Good morning.
We found ourselves looking for a way to store data on PM nodes, that are not attributes.
Nodes, as immutable value objects, hold their information in attrs
, however as our nodes and node views became more complex, we wanted to persist more information.
We have developed a well-defined JSON document structure, which is used to validate nodes, marks and their respective attrs. There are cases, when we have run-time information that we don’t want to serialize, but we need to store with the node instance.
Example use case
For example, imagine an image node spec:
image: NodeSpec = {
group: 'inline',
inline: true,
attrs: {
src: { default: '' },
alt: { default: null },
title: { default: null }
},
draggable: true,
parseDOM: [{
tag: 'img[src]', getAttrs(dom: HTMLElement) {
return {
src: dom.getAttribute('src'),
alt: dom.getAttribute('alt'),
title: dom.getAttribute('title')
};
}
}],
toDOM(node: Node) { return ['img', node.attrs]; }
};
Let’s say, we want to add the source file information - file-name
and file-mime-type
. We could store them as properties on node
and we would extend toDOM() this way:
image: NodeSpec = {
// ...
toDOM(node: Node) {
return [
'img',
{
...node.attrs,
'data-file-size' : node.fileSize,
'data-file-name' : node.fileName
}
];
}
};
That takes care of encoding to DOM, but the opposite operation is not as trivial. Because parseDOM
does not allow invokables, we must return a ParseRule structure which is then interpreted internally by DOMParser
.
Solution 1 - Allow invokables for parseDOM, making parsing more flexible
We already use Node Views to full extent, and also used toDOM()

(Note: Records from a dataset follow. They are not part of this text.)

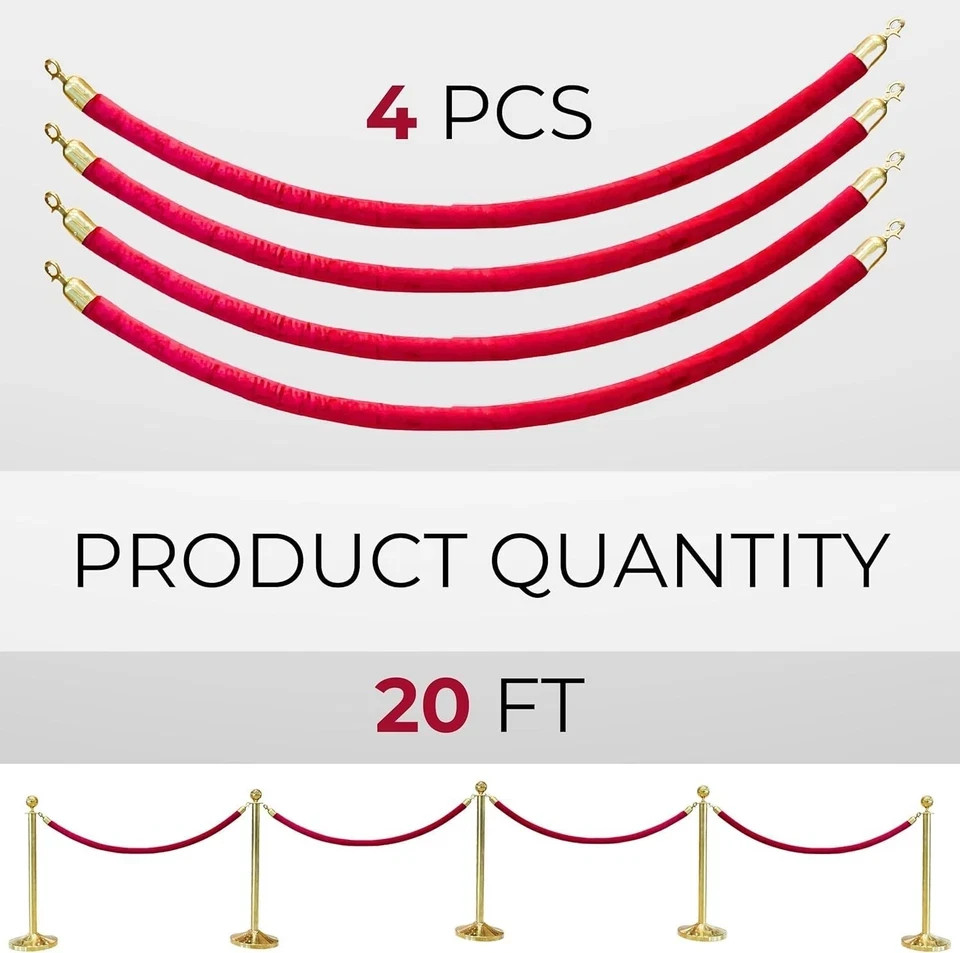 5 Ft Red Carpet Velvet Rope – 4 PCS Red Velvet Rope for Parties Crowd Ceremon…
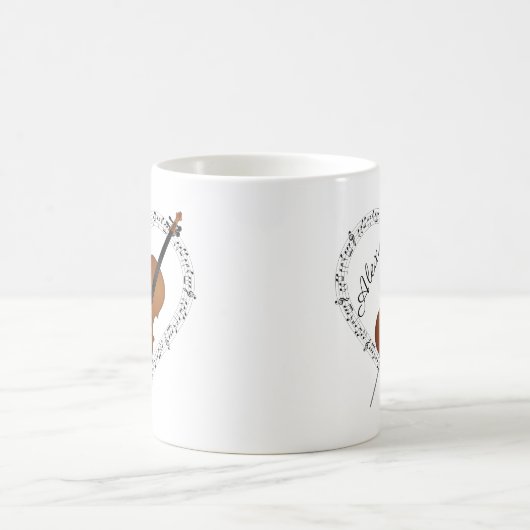 Notes de musique de cello Mug de café (Centre)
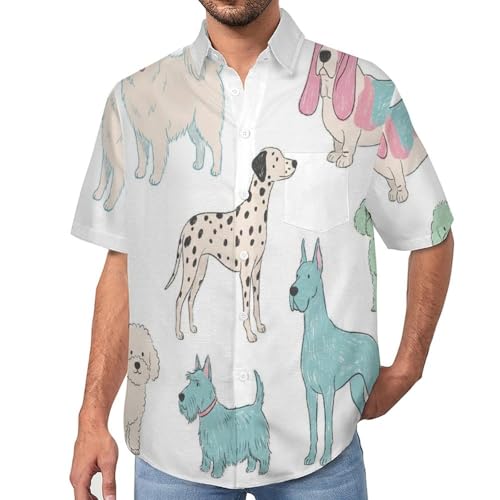 Camisa de manga corta para hombre con divertido estampado de perros 3D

which is allowed to return the final DOM element. We’ve noticed, however, that the same is not allowed for parseDOM
:
parseDOM: ?[ParseRule] Associates DOM parser information with this node, which can be used by DOMParser.fromSchema to automatically derive a parser. The node field in the rules is implied (the name of this node will be filled in automatically). If you supply your own parser, you do not need to also specify parsing rules in your schema.
It means that the only way to implement custom parsing for a particular node/mark type is to subclass the whole DOMParser (and ParseContext, NodeContext, MarkContext to go with them).
Proposed architecture
I believe it’d be beneficial to enable parseDOM()

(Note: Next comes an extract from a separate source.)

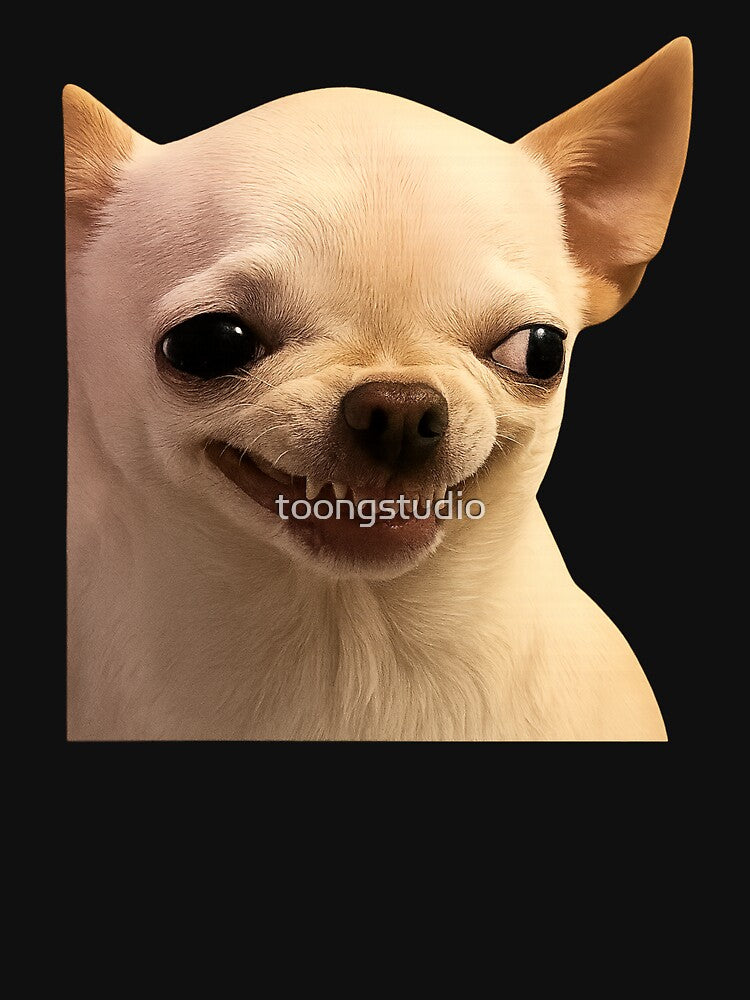 Funny Chihuahua Meme, Smirking Dog Face, Grinning Chihuahua by toongstudio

to be a function, with the following signature:
type InvokableParseRule = (el: dom.Node, context: ParseContext) => Node | Mark | undefined;
interface NodeSpec {
// ...
parseDOM: ParseRule | InvokableParseRule
}
Here’s an example implementation:
image: NodeSpec = {
parseDOM: (dom, parseContext) => {
// short-circuit if it's not parseable here
if (!dom.matches('img')) {
return;
}
// let's construct the node as it would be normally by DOMParser
const nodeType = parseContext.parser.schema.nodes.image;
const node = nodeType.create({
src: dom.getAttribute('src'),
title dom.getAttribute('title'),
alt: dom.getAttribute('alt') || ''
});
// handle aux properties that are not attrs
if (dom.hasAttribute('data-file-name')) {
node.fileName = dom.getAttribute('data-file-name');
}
if (dom.hasAttribute('data-file-size')) {
node.fileSize = dom.getAttribute('data-file-size');
}
return node;
},
}
I’ve created a prototype DOMParser subclass that allows invokable parseDOM: PM DOMParser allowing invokables for parseDOM · GitHub
This solution:
- Is BC
- If implemented by consumer correctly, will be as performant, or faster than, normal ParseRule (internally it also calls
Element.matches()
) - Will implicitly be used for copy-paste.
- Doesn’t require extra wiring, node-specific data stays with the node instance.

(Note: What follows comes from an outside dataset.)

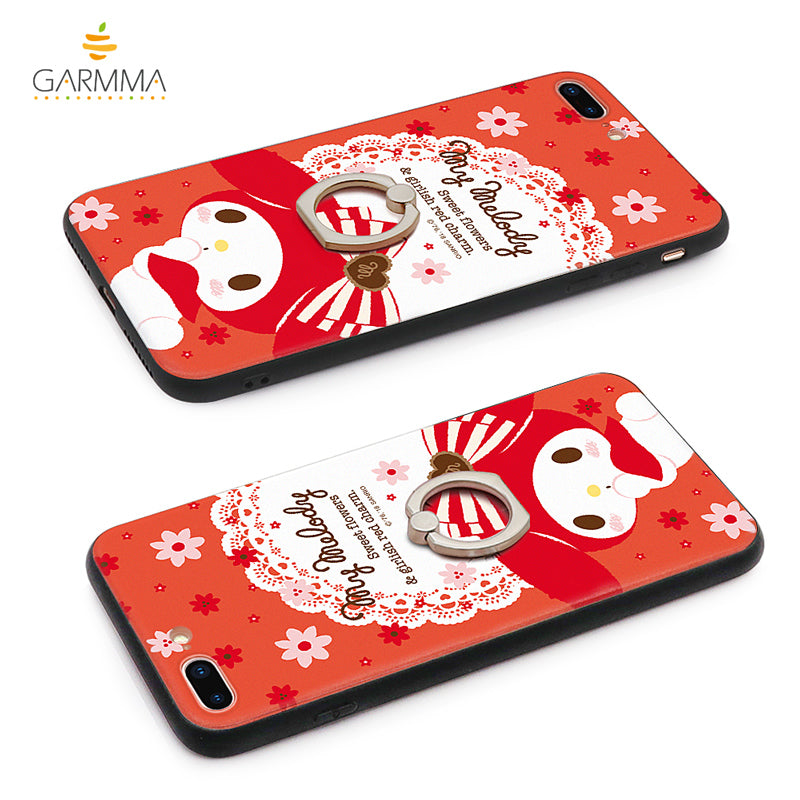 GARMMA Hello Kitty & Little Twin Stars & My Melody Ring Holder Back Cover Case for Apple iPhone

- Requires modification/sub-classing DOMParser.
Solution 2 - parseDOM.getAttrs(), a map, handlePaste and scanning.
Another workaround to the problem we’ve found is to:
- For parsing, have
NodeSpec.parseDom[].getAttrs()
method read the extra attributes:
- For private properties, read and store them in a shared Map
- For everything else, return them as
attrs
- For pasting - implement
EditorProps.handlePaste()
on each Editor that uses this node.
- Go through the
Slice
that has been created from clipboard data. - Find
image
nodes - Use the aforementioned Map to re-apply private properties on node instances.
- For modifying the document:
- Every modification which might involve insert of image nodes will require another scan.
- When constructing document, we need to run another pass to re-apply private properties.
This solution:
- Doesn’t require sub-classing DOMParser.
- is backwards compatible
- Breaks SOC because
handlePaste()
is onEditorProps
, whileNodeSpec
is part of schema, which itself (and any of its nodes) could be shared across different editors. - Is hard to test, because we can’t test the DOMParser directly (as we do for all other nodes)
- Less performant - requires scanning Slice for nodes on each paste.
- Requires injection/sharing of the Map in various places.
- Paste is prone to paste-related bugs.
- Might be hard to maintain because of multiple places where we mutate nodes.